Gravito, Manuel Luiz Nogueira e outros, e mais tarde Clemente de Morais lá deixaram cair o sangue do seu ideal para levantar até ao mais alto, o seu amor pela Liberdade. Tudo se revestiu de sadismo sem par e do mais inteiro desprezo pela pessoa humana. Como nota da mais repugnante falha de amor cristão, aponte-se o facto histórico de durante a execução da Praça Nova...

«...os frades lóios e os oratorianos, mais os seus convidados, regalaram-se com bolos e vinho fino.»

Nada impedia, porém, nada o impedirá jamais, o homem de lutar e buscar novos pontos para continuar / 80 / a traçar as paralelas da sua marcha sempre renovada para a libertação!

1910 é outro desses pontos e ao seu movimento, surgido das perseguições e da miséria pública para a qual a Monarquia dos Braganças da decadência havia lançado a Nação!
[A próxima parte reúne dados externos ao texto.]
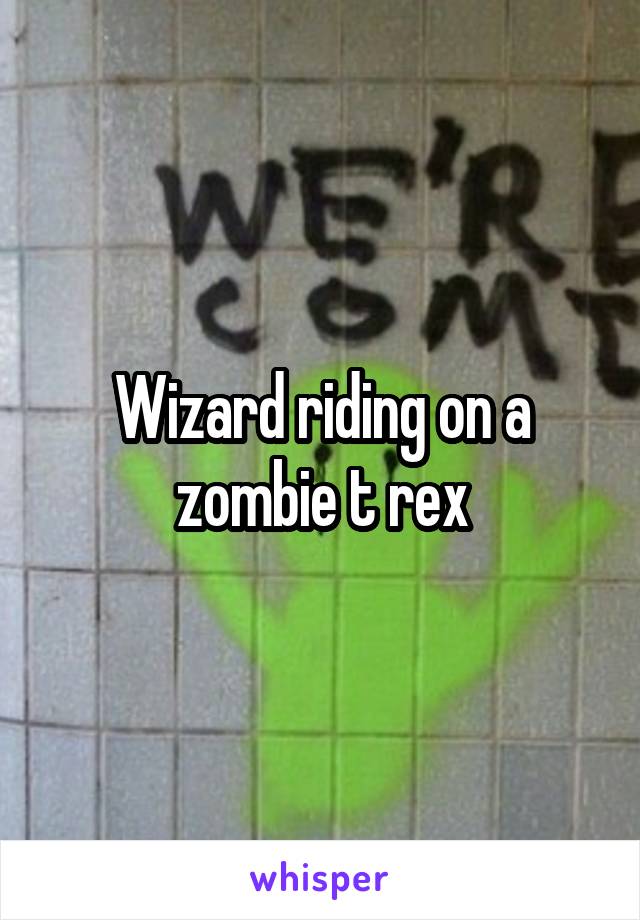 Wizard riding on a zombie t rex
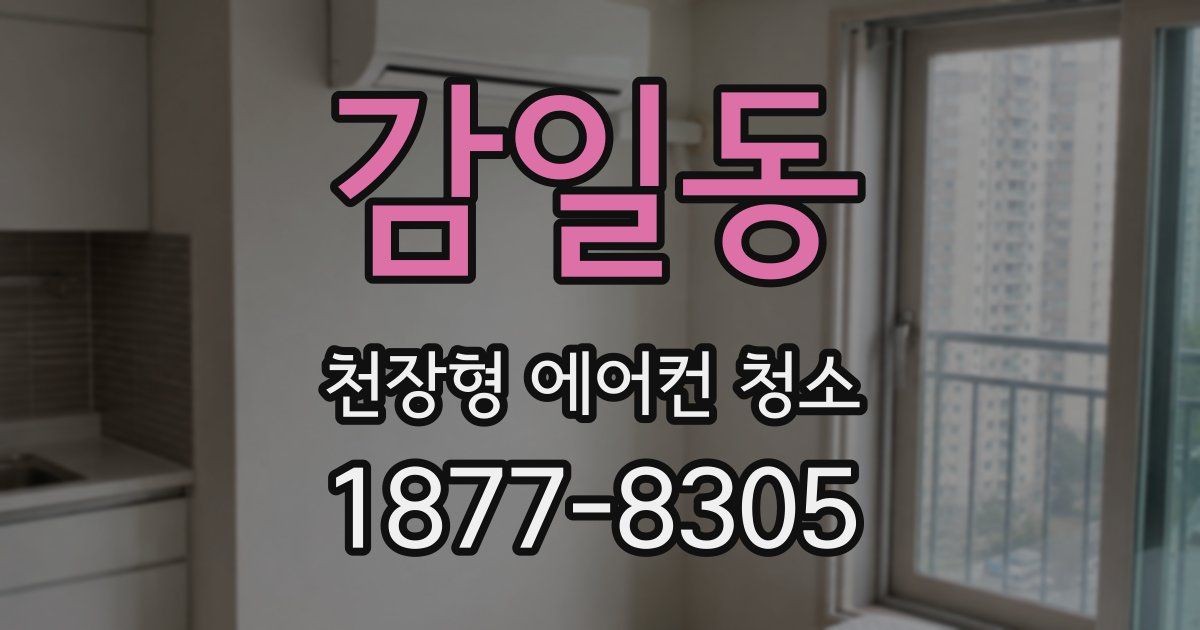 감일동 천장형 에어컨 청소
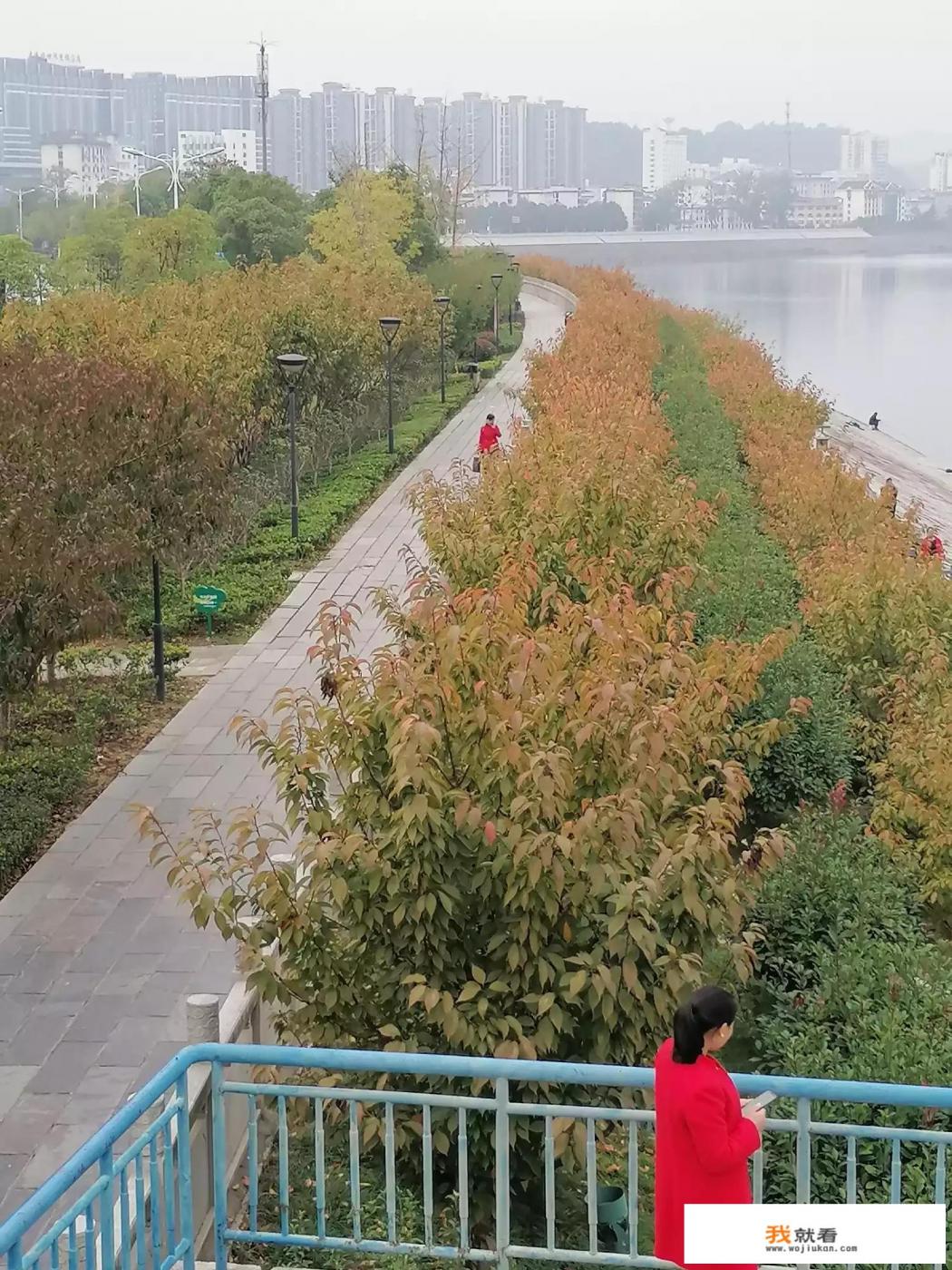 湖南自驾游适合带孩子的地方? 湖南自驾游适合带孩子的地方?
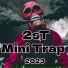 2sT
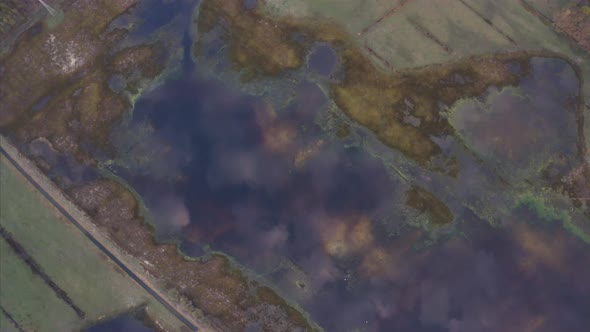 Aerial view of a swamp in early morning, Germany.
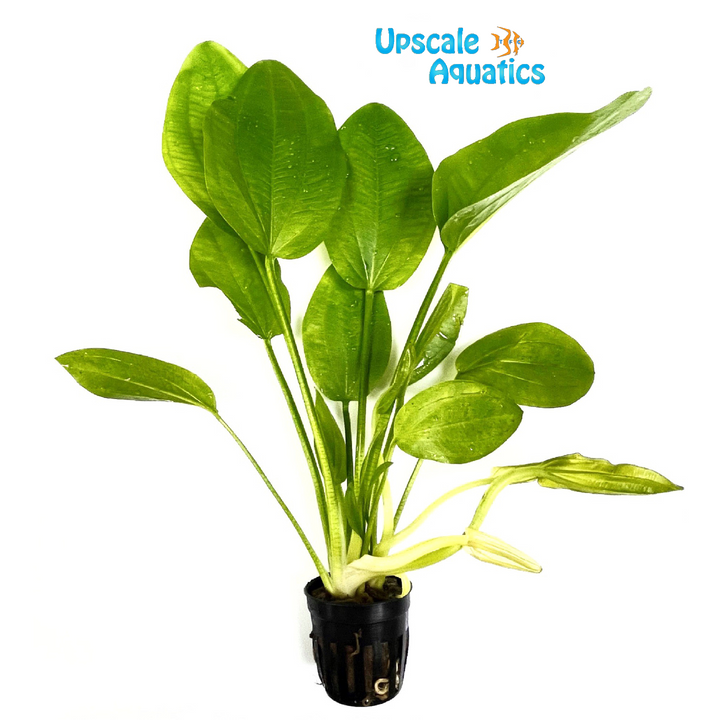 Ascherianus Sword (Echinodorus ascherianus)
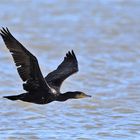 Lago Massaciuccoli - Cormorano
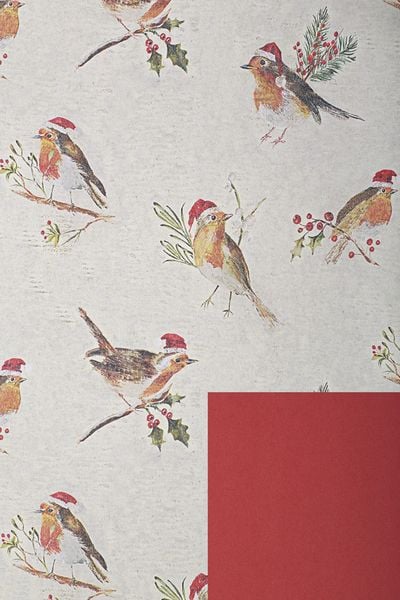 Buchhandlungsbedarf Geschenkpapier Robin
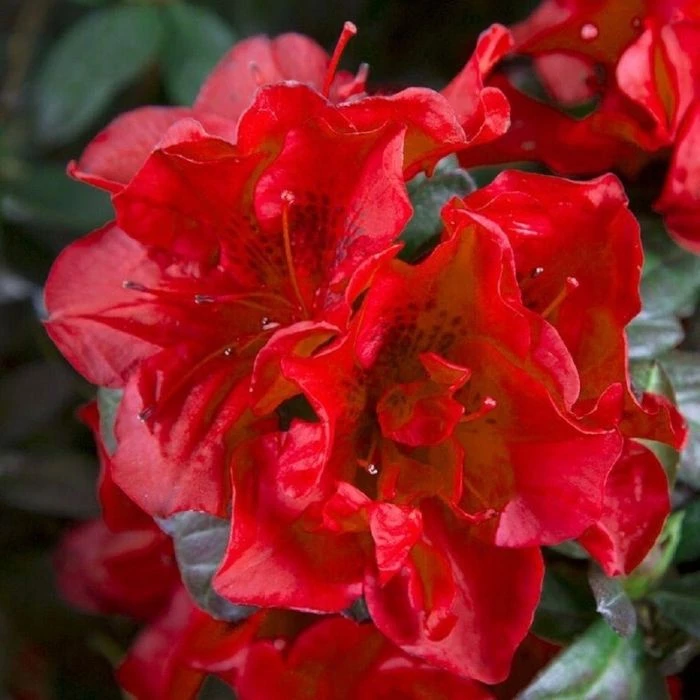 Garden Goods Direct Encore® Autumn Fire® Azalea Shrubs 2 Garden Goods Direct Encore® Autumn Fire® Azalea Shrubs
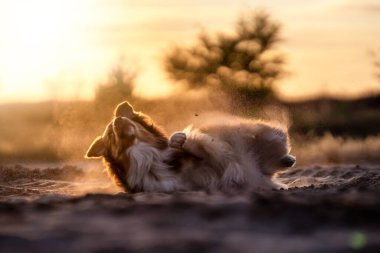 Bulanık arka planda altın bir günbatımı olan bir tarlada oynayan bir Border Collie köpeği.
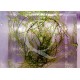 Leptodictyum riparium - Stringly Moss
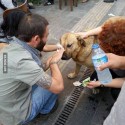 Helping a dog affected by teargas in Istanbul, Turkey.
^^^^^^
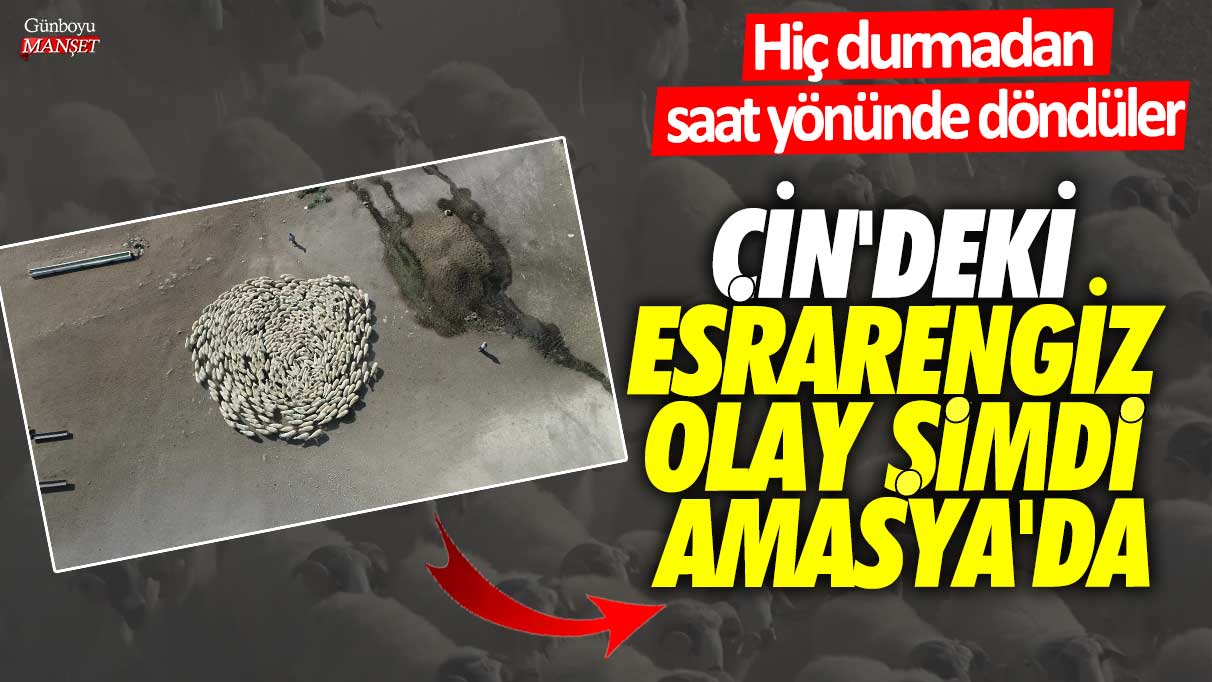 Çin'deki esrarengiz olay şimdi Amasya'da!  Hiç durmadan saat yönünde döndüler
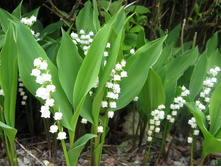 ������ �������.jpg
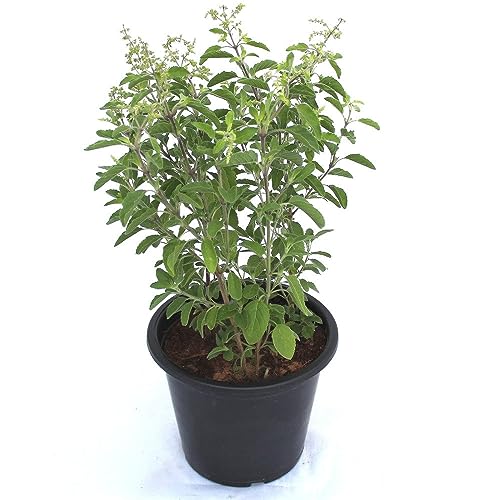 Image of Organic Tulsi Live Plant in Black Plastic Pot Holy Basil Ayurvedic Medicinal Herb Sacred Home Garden Air Purifying Religious Plant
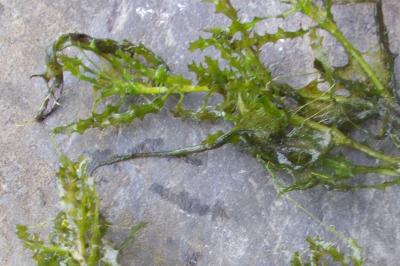 Najas marina subsp. marina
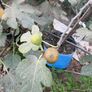 Fig Trees Image 3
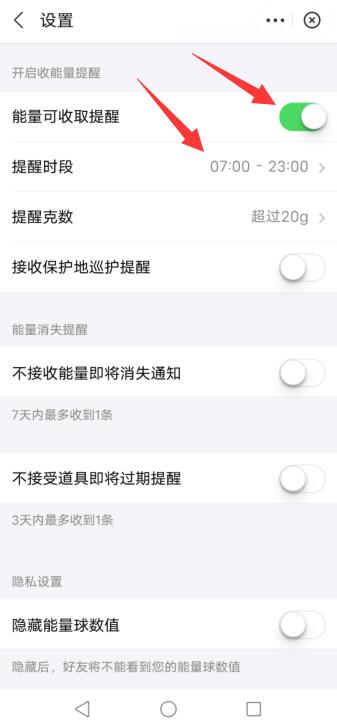 支付宝怎么开通收能量提醒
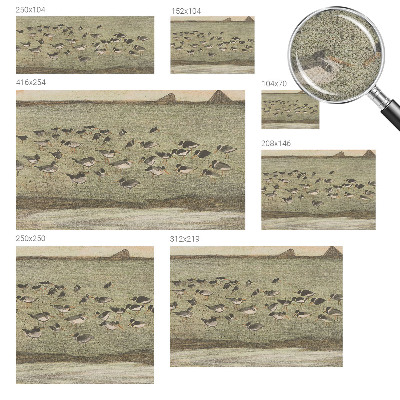 Papier peint panoramique adhésif Vtáčí pokoj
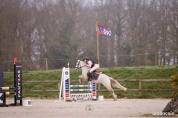 Caballo castrado Connemara En venta 2021 Tordo por Gershwin ar kamen
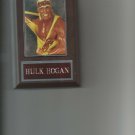 HULK HOGAN PLAQUE WRESTLING NWA WWF WCW WWE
É um novo grito de libertação pela República, provada que foi a inépcia da Monarquia. Surge a Constituição de 1911 vasada nos moldes fiéis saídos da Revolução de 1789. Não muito passava até que, de novo, as forças da anti-nação procuravam eliminar as conquistas do Povo. O Povo ainda tinha forças para aguentar a punhalada de Monsanto, mal refeito da luta por Portugal longe de Portugal, mas ia ficando cansado porque não sabia castigar e pronto sempre estava a perdoar a injúria e o ódio com a inocência suicida do seu perdão. Mas não esquecia, nem esquece, porque não deixa de sofrer. E caiu... Adormeceu exausto de tanta traição haver sofrido, até que as circunstâncias façam criar o ponto inicial de nova paralela que ele traçará no caminho sempre renovado da sua libertação!

*

Garrett (carta de M. Scevola, 1830) dizia:

«Os portugueses são naturalmente sofredores e pacientes: muito arrochada há-de ser a corda com que de mãos e pés os atam os seus opressores antes que rompam em um só gemido os desgraçados. Um murmúrio, uma queixa... nem talvez no cadafalso a soltarão!»

E é António José de Almeida, esse grande chefe da Nação Portuguesa que muitos persistem em fazer ignorar, que em Fevereiro de 1910 escreve, ao lado daquelas palavras do imortal autor do «Camões»:

«É certo. Os portugueses são assim, como diz Garrett: sofredores, pacientes, resignados. Mas, no meio da trágica resignação do seu sofrer, é visível a indómita rebeldia do seu carácter. São morosos na insurreição, mas, no momento supremo, quando a medida se enche, não há dique que se oponha ao extravasar da sua cólera.»

Fevereiro de 1910! Uns escassos sete meses separavam estas palavras da República libertadora do povo!

16 de Maio de 1828!

        31 de Janeiro de 1891!

                5 de Outubro de 1910!

Datas que são pontos de início de paralelas da história da libertação do Povo português, paralelas que jamais deixarão de ser por Ele traçadas.